When one has spent one's life suffering the windy outpourings which call themselves statesmanship, political wisdom and human justice ... it is soothing to go into the sewers and see the mire which is appropriate to all this.
Victor Hugo, Les Misérables 

    Graham Greene's darkest entertainment, The Third Man, ends with a shoot-out in the sewers of Vienna and the death of the penicillin racketeer Harry Lime. A convert to Catholicism, Greene had found an appropriate image for man's fallen state in the city's murky underground. And Lime, with his alley-rat amorality, is a familiar Greene character. Greene's literary interest was not just in shabby crooks and other compromised characters; he wanted to dissect their morally ambivalent worlds.

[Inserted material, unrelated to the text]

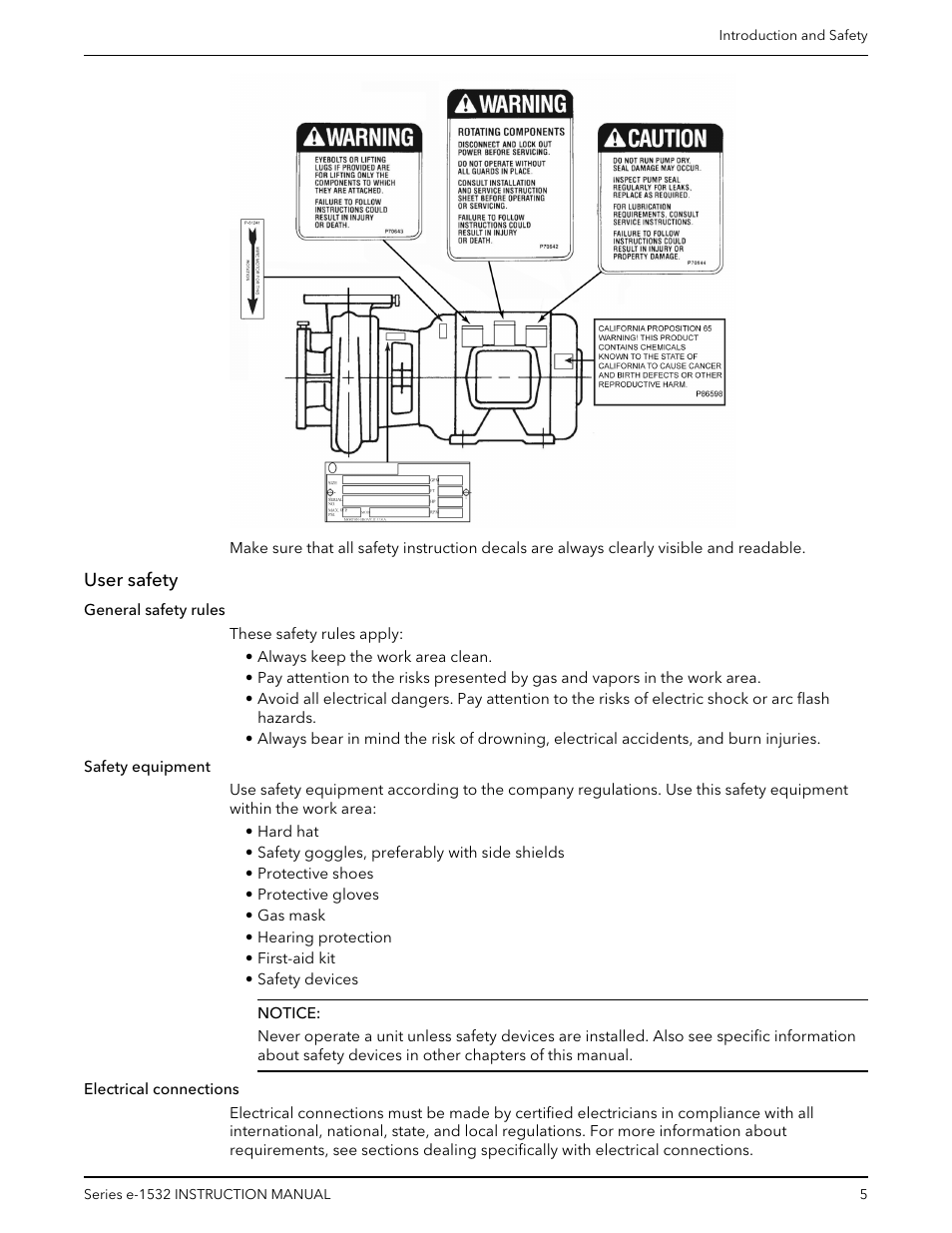 User safety | Bell & Gossett P2001409A Series e-1532 User Manual | Page 7 / 32
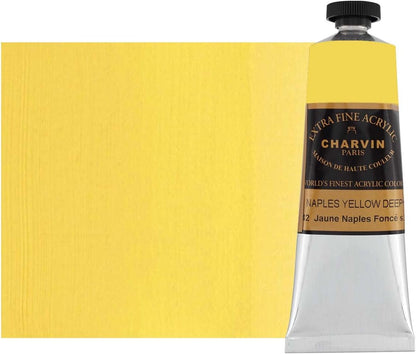 Charvin Extra Fine Professional Acrylic Paint - Naples Yellow Deep, 60ml Tube, Triple-Milled, Lightfast Pigments, Open Stock Artist Acrylic Paints in Nature-Inspired Hues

    Rollo Martins, a thirty-five-year-old hack writer, arrives in post-war Vienna at the invitation of his oldest friend Harry Lime. To his astonishment he learns that Lime has recently been killed in a motor car accident and is to be buried that day. On further investigation, Martins discovers that the accident is not what it seems. A police source reveals that Lime had been selling watered-down penicillin on Vienna's black market. The adulterated contraband resulted in the death or brain damage of children with meningitis. Murder was a by-product of Lime's racket. Martins sets off on a blundering quest to prove his friend's innocence, only to discover that Lime has faked his own death in order to elude the police. The authorities then draw up a plan to use Martins as a decoy and bring Lime into the open. Martins confronts his old friend in the sewers and, taking the law into his hands, shoots him dead. As a result of Martins' amateur sleuthing, three men (a porter, a policeman, and Lime himself) have died violently. Perhaps Martins should not have strayed into other people's affairs.

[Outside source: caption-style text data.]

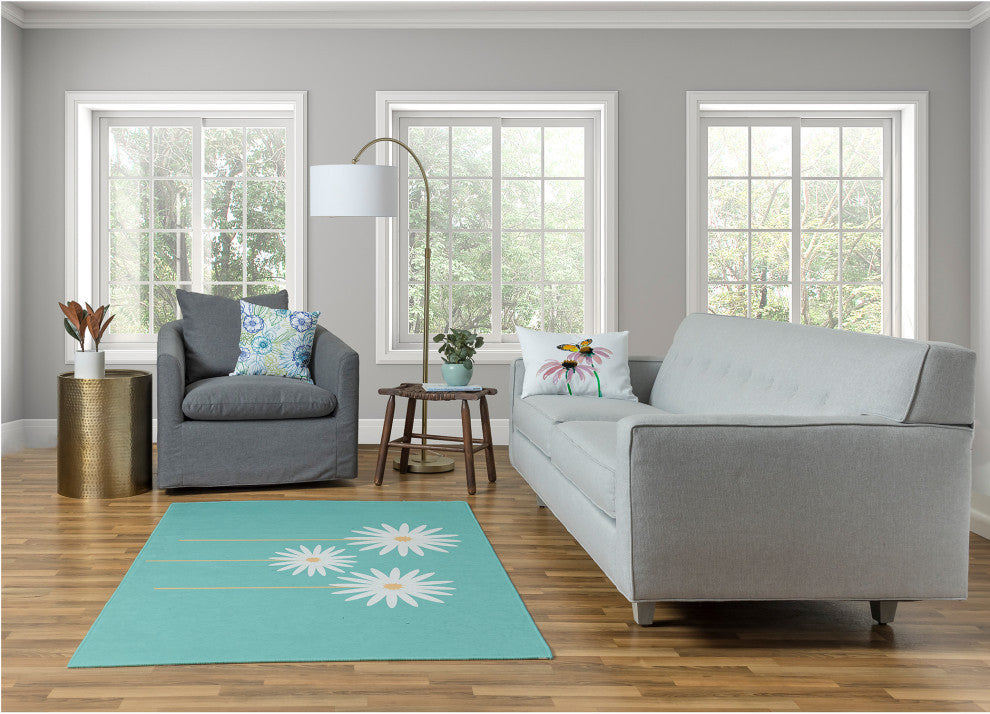Floral Print Spring Chenille Rug, Light Blue, 4'x6'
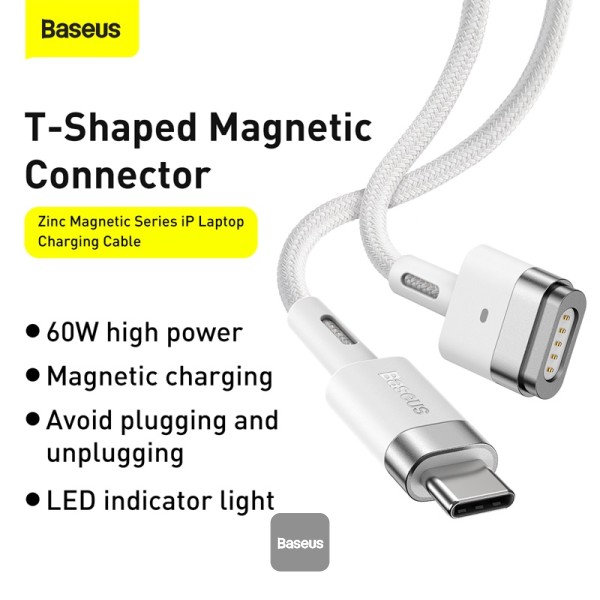 Baseus Zinc Magnetic Series iPhone Laptop Charging Cable Type C to L shaped Port 60W 2M White Price in Pakistan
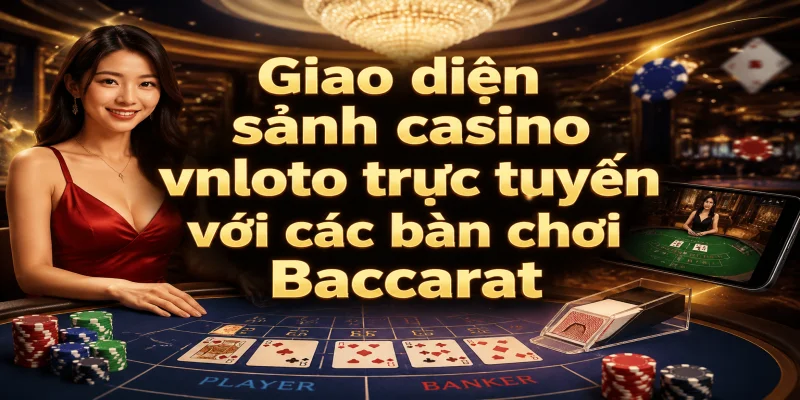 Giao diện sảnh casino vnloto trực tuyến với các bàn chơi Baccarat và Dealer chia bài chuyên nghiệp.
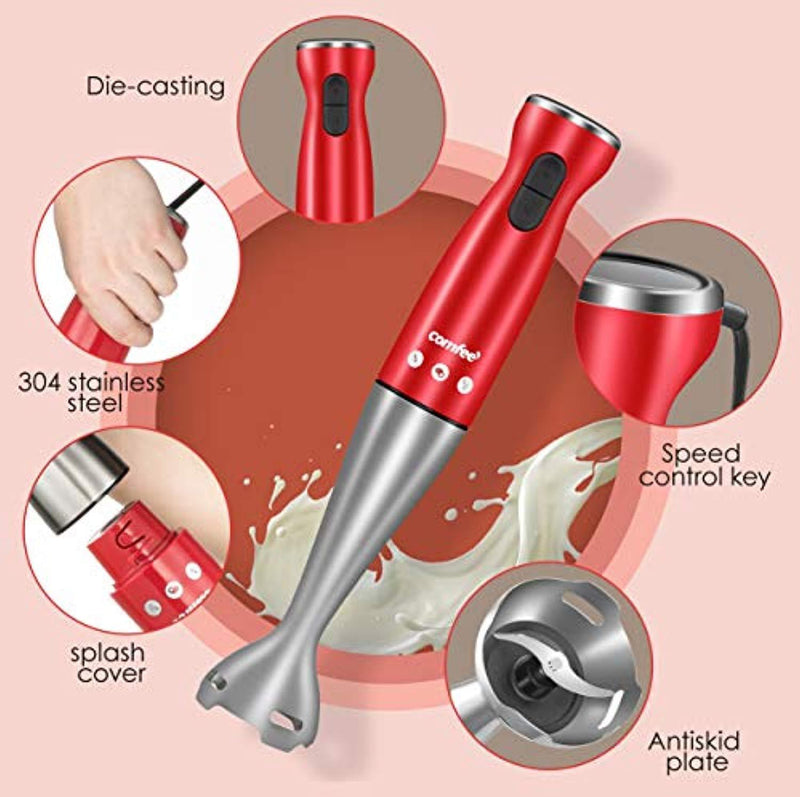 Electric Hand Immersion Blender, 4-in-1 Hand Mixer with 500ml Food Chopper, 600ml Beaker, Balloon Whisk, Stainless Steel Blending Shaft by Comfee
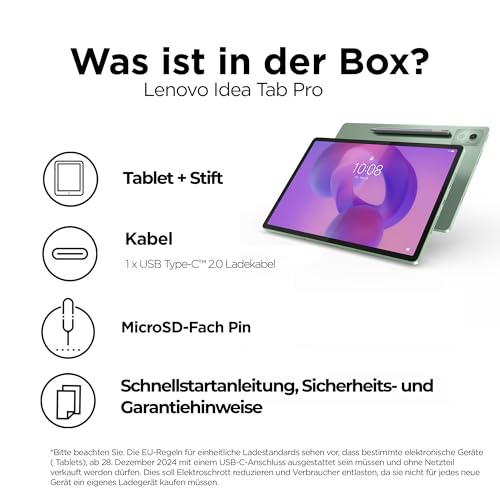 Lenovo Idea Tab Pro Tablet | 12.7" 3K Display | MediaTek Dimensity 8300 | 8GB RAM | 256GB eMMC | Android 14 | Seafoam Green | inkl. Pen Plus
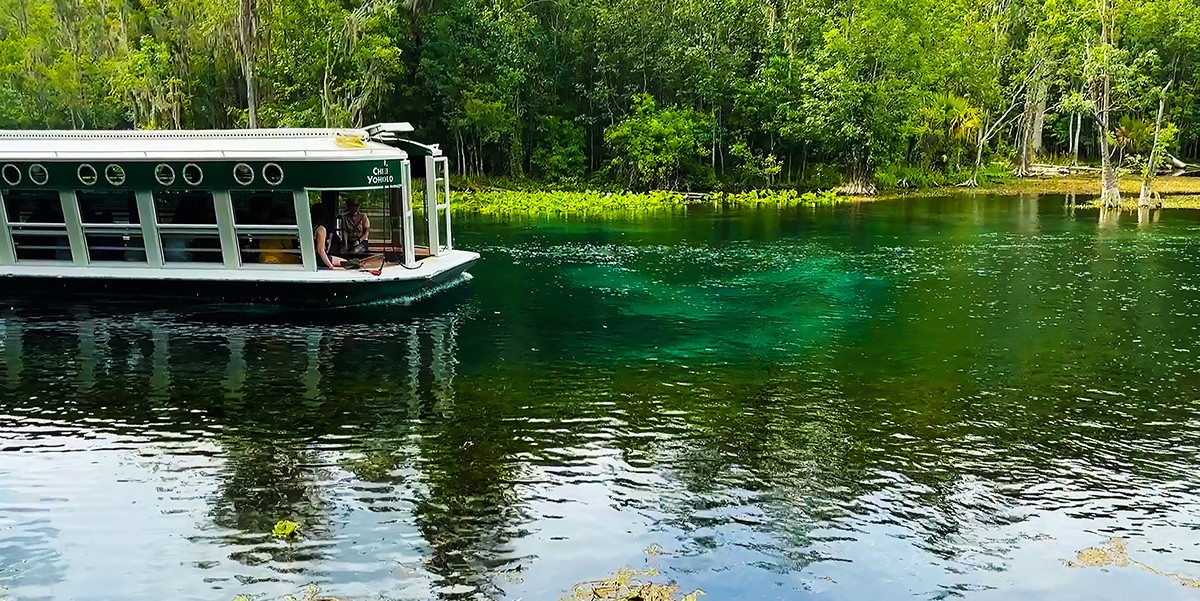 Boat tour at Silver Springs, Florida during spring break.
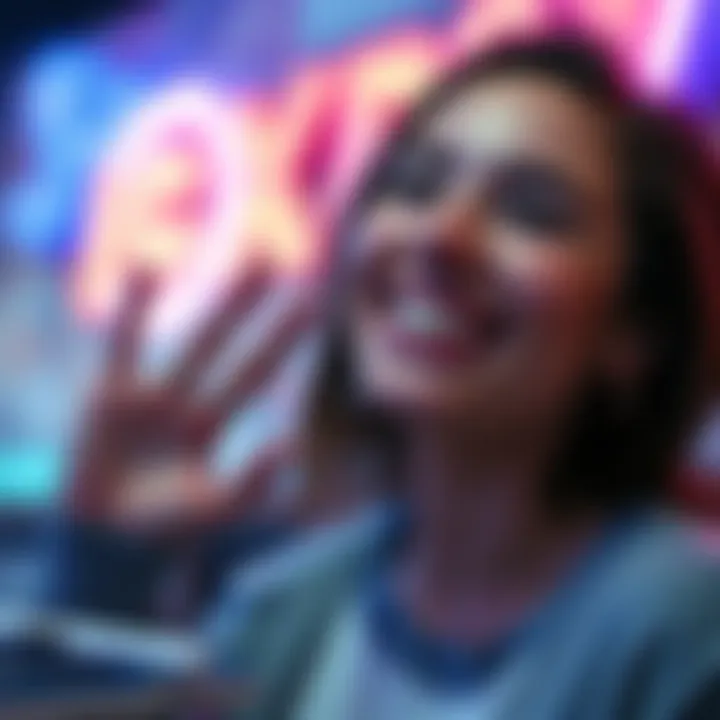 Tamsy proudly displaying her extra piercings with a joyful smile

    Vienna provided Greene with a perfect setting for his tale of double-dealing and opportunist loyalties. The city stood on the border between the Soviet empire and the capitalist West and, on one level, The Third Man may be read as a Cold War allegory. Greene wrote it in 1948 when the tensions between West and East began to emerge after Stalin blockaded Berlin that summer. It is tempting to see Harry Lime as the fictional counterpart of the British spy Kim Philby, who had betrayed fellow agents to the Soviet Union. Greene knew Philby well during the war when he worked for him in British Intelligence, and he stayed in touch with his former chief long after he had been exposed as a Russian agent in 1963. Philby had helped Communists to escape through the Vienna sewers in 1934; newspapers later dubbed him `The Third Man'. Yet it would be a mistake to read too much into the idea of Lime as Philby. The racketeer is a compound of many men whom Greene had known. His surname suggests not only `Graham Greene' (lime green) but the quicklime in which murderers were said to be buried.

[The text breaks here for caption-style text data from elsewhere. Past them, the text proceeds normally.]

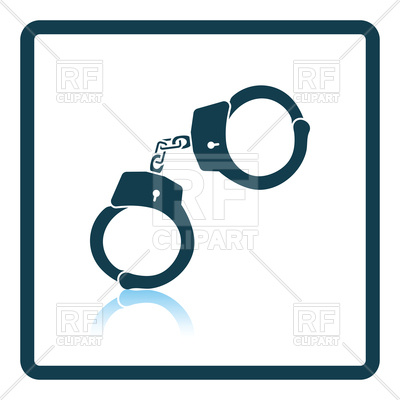 400x400 Shadow Reflection Design Of Police Handcuff Icon Royalty Free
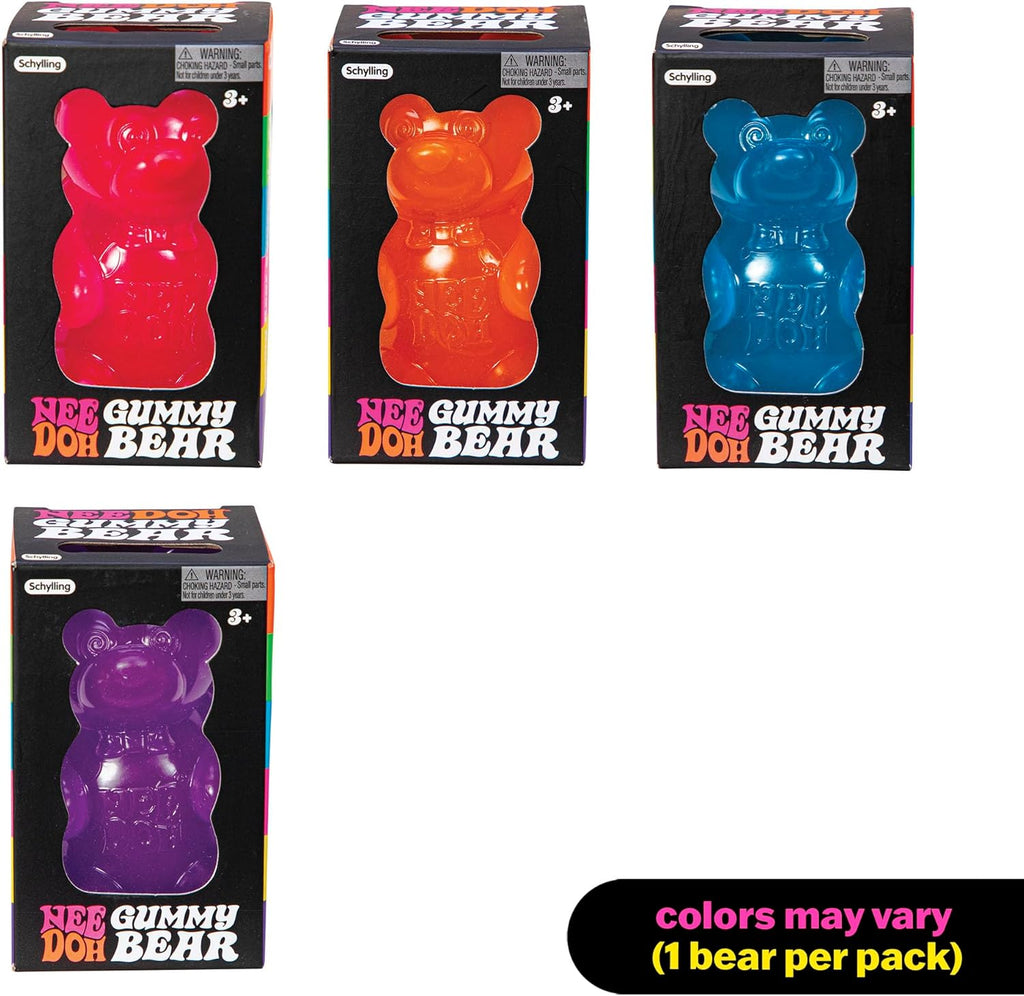 Schylling NeeDoh Gummibärchen – sensorisches Zappelspielzeug mit geleeartiger Füllung – 8,9 cm hoch – Farben können variieren (1 Stück)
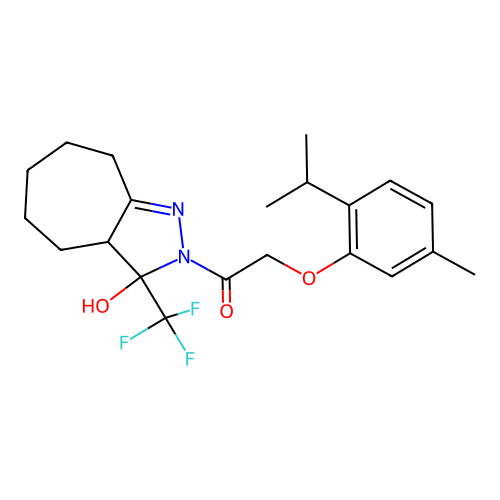 1-(3-hydroxy-3-(trifluoromethyl)-3a,4,5,6,7,8-hexahydrocyclohepta[c]pyrazol-2(3H)-yl)-2-(2-isopropyl-5-methylphenoxy)ethanone structure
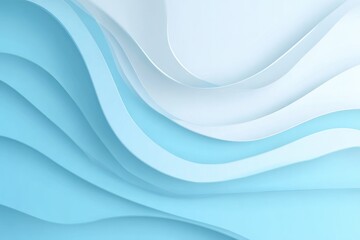 Obraz premium Abstract wavy background in light blue and white. Layered, smooth curves create a dynamic visual effect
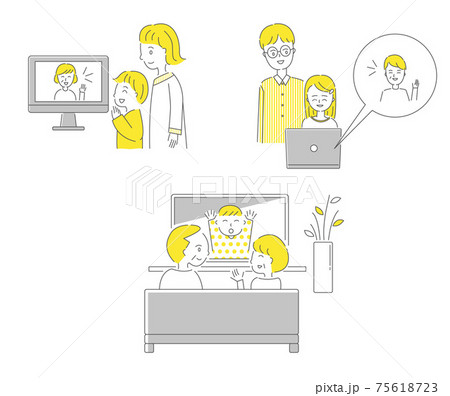リモート帰省シンプルな家族のイラスト 75618723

    In its first incarnation, The Third Man was not intended to be read as a book, but was an early draft for a screenplay (commissioned in 1947 by the London-based film producer Alexander Korda). Greene wanted to write the Lime story first as a novella in order to explore characterization and detail. The result was one of the greatest films of the twentieth century, The Third Man, directed by Carol Reed and starring Orson Welles as Harry Lime. Greene wrote the book version in just eight weeks while on holiday in Italy in 1948. It has many of the virtues of the film, not least a sharp dialogue and fast-paced action. Lime's last stand in the sewers could almost be a burlesque of the cheap Western novels which Martins writes for a living. The book also appears to parody the Victorian detective novels (Is He The Man?, The Nameless Man) which Greene avidly collected.(1).  For some, however, the film is better than the book; it has a greater suspense and atmosphere, as well as the instantly recognisable theme tune played on an Austrian zither.
    The origins of the Harry Lime story are shadowy. In his autobiography, Ways of Escape, Greene relates how in 1947 he had scribbled an idea for the opening of a story on the back of an envelope: `I had paid my last farewell to Harry a week ago, when his coffin was lowered into the frozen February ground, so that it was with incredulity that I saw him pass by, without a sign of recognition, among the host of strangers in the Strand.' That was it - one sentence. Greene went to Vienna early the following year in order to develop the story. After two weeks, Greene claimed, the story was still no further advanced until he met a British Intelligence officer who told him of the city's vast sewer system and the black market in penicillin. Greene had found his plot.
    However, a slightly different story is told by the surviving documents. In his book, In Search of The Third Man, Charles Drazin shows conclusively that Greene already had the beginning, middle and end of The Third Man a good five months before he visited Vienna. As early as September 1947 he wrote to his lover Catherine Walston:
        Tonight ... I felt restless, so I walked all up Piccadilly and back and went into a Gent's in Brick Street, and                 suddenly in the Gent's, I saw the three chunks, the beginning, the middle and the end, and in some ways all             the ideas I had - the first sentence of the thriller about the dead Harry who wasn't dead, the                                         Risen-from-the-dead story, and then the other day in the train all seemed to come together. I hope to God it             lasts - they don't always.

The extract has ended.